ImageNet is a dataset of over 15 million labeled high-resolution images belonging to roughly 22,000 categories

The ILSVRC (ImageNet Large-Scale Visual Recognition Challenge) uses a subset of ImageNet with roughly 1000 images in each of 1000 categories. In all, there are roughly 1.2 million training images, 50,000 validation images, and 150,000 testing images

Results were reported on both the 2010 ILSVRC dataset (which had test labels available) and the 2012 version of the same (test set labels were unavailable)

Preprocessing

ImageNet consists of variable-resolution images, while the CNN requires a constant input dimensionality.
The images were hence downsampled to 256x256. Given a rectangular image, the image was first rescaled such that the shorter side was of length 256, and then the central 256x256 patch was cropped out.

Architecture

8 learned layers, 5 convolutional and 3 fully connected
Based on some of Hinton's prior work, the ReLU function [f(x) = max(0,x)] was adopted as the activation function -- this non-saturating nonlinearity was much faster than saturating non-linearities like tanh and sigmoid. (Ref)

The model was trained on multiple GPUs -- with half the neurons on each GPU. Certain kernel maps only took inputs from their own GPU, while some did across GPUs. This was decided via cross-validation. This scheme reduced top-1 and top-5 error rates by 1.7% and 1.2%, respectively as opposed to training a network of half the size on one GPU.

The authors also mention that ReLUs have the desireable property that they don't require input normalisation to prevent them from saturating. However, it was found that normalisation did indeed reduce top-1 and top-5 error rates by 1.4% and 1.2%. They used a non-trainable layer that square-normalized the pixel values in a feature map within a local neighborhood. The normalisation occured across color channels

Pooling layers in CNNs summarize the outputs of neighboring groups of neurons in the same kernel map.
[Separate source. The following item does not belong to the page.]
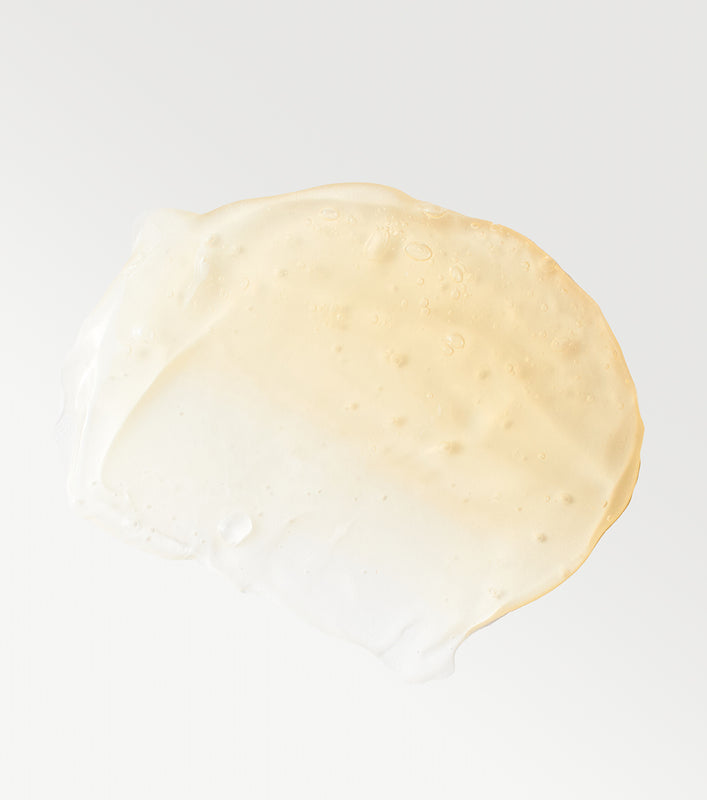 Gel Custard
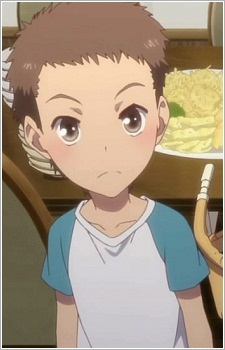 Oshimizu Tomoya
The authors chose to use overlapping pooling, which reduced the top-1 and top-5 error rates by 0.4% and 0.3%, respectively in comparison to the non-overlapping configuration.

Overall Architecture

Training

Maximizes the multinomial logistic regression objective, which is equivalent to maximizing the average across training cases of the log-probability of the correct label under the prediction distribution
Trained using stochastic gradient descent with a batch size of 128 examples, momentum of 0.9, and weight decay of 0.0005

Reducing Overfitting

Data Augmentation via the extraction of random 224x224 patches, and their horizontal reflections + altering the intensities of RGB channels (PCA on pixel values, and adding multiples of the principal components. e perform PCA on the set of RGB pixel values throughout the ImageNet training set. To each training image, we add multiples of the found principal components, with magnitues proportional to the corresponding eigenvalues times a random variable drawn from a Gaussian with mean zero and standard deviation 0.1. This scheme approximately captures an important property of natural images, namely, that object identity is invariant to changes in the intensity and color of the illumination. This scheme reduced the top-1 error rate by over 1%.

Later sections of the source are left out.